In its most recent upgrade Apple increased the RAM on three of the four Air models from 2GB to 4GB, and exchanged the older Intel Core 2 Duo processors for faster Sandy Bridge-based processors.

It gets even more interesting when you consider recent Macworld tests which showed that when it comes to performance the new 13-in. MacBook Airs compete with the  entry-level Core i5 MacBook Pro. "The growth in Mac portable sales was driven by strong sales of MacBook Pro, as well as MacBook Air," said Apple CFO, Peter Oppenheimer last month.

More recent rumors have claimed Apple intends fielding its MacBook Air line-up across its pro portables in future, too -- perhaps even offering a 15-inch model, and that's even before you begin to think about the iPad Pro.

With Apple consuming gianormous piles of essential components including screens, body parts, memory, flash storage and more, it wields huge influence across the industry.

Floors and walls

Apple COO Tim Cook had a lot to say about Cupertino's magic sauce earlier this year in January, when he said:

"I think....part of the magic of Apple is that there's not high walls between these product groups. They like each other, talk to each other, they're of the same DNA, they want to build the best products in the world. And so if one has a great idea, there's not a "not invented here" in the other group. And so one of the key learnings from the iPad was that people love instant on, they really love that. And so the MacBook Air incorporated that, and that's just one simple example.

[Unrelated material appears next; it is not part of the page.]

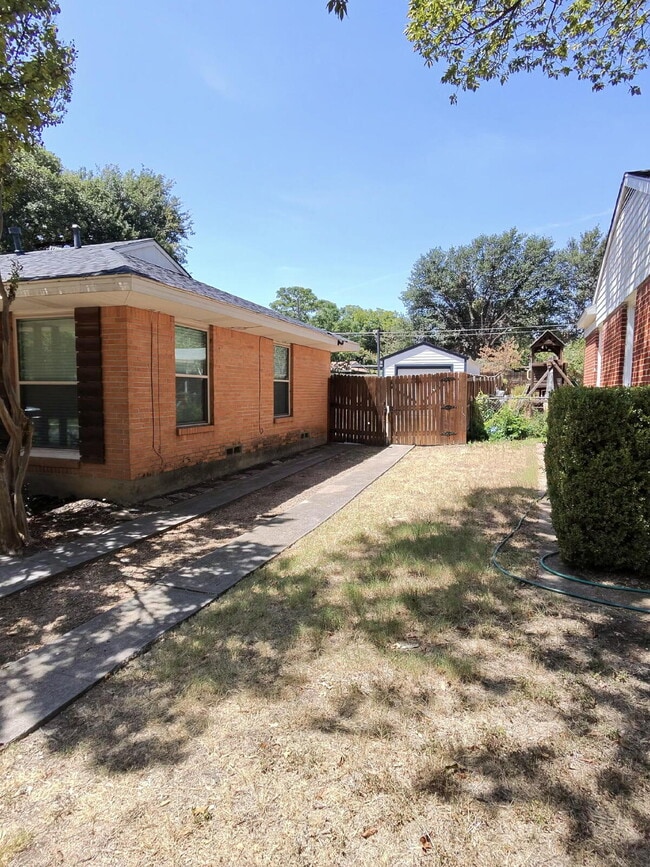Building Photo - 3241 S Edgefield Ave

"..There are tons of examples throughout all of our products, where something started on one and went to a different one. And it's not always in the same direction either. It could start on the phone, and then flow forward, it could start on the iPad and flow, and so on and so forth. And so just the part of the way we run the company.

"And I think Steve said it great when he said, "If the Mac company were a separate company, and the iPad company were a separate company, what would the Mac company build to compete with the iPad? And I think the answer is the MacBook Air." And I think that's a phenomenal insight, and I think a great way to look at it. And it's not that the groups are competing, they are sharing and coming up with these incredible products that people really want."

Keeping it interesting

Like any great relationship, Apple's communication with consumers depends both on consent and keeping it interesting. Its legendary focus on research, development and innovation makes it the consumer electronics equivalent of the archetypal self-sufficient and self-realized person. Once hooked on what that person's up to, many just can't wait to see what the firm's secretive r&d inner sanctum comes up with next.

That's a big difference when you consider it. Other firms act like lovesick suitors, earnestly attempting to woo their audiences with products they hope will match their focus group and survey discovered needs. That's not how Apple rolls, the firm simply invites customers to share the next experience.

With MacBook Air sales already dwarfing those of competitors in the ultranotebook sector, it should be no surprise if we later see the introduction of iCloud services driving the advantage even further forward. And this will open even more possibilities for Apple's post-PC computing vision.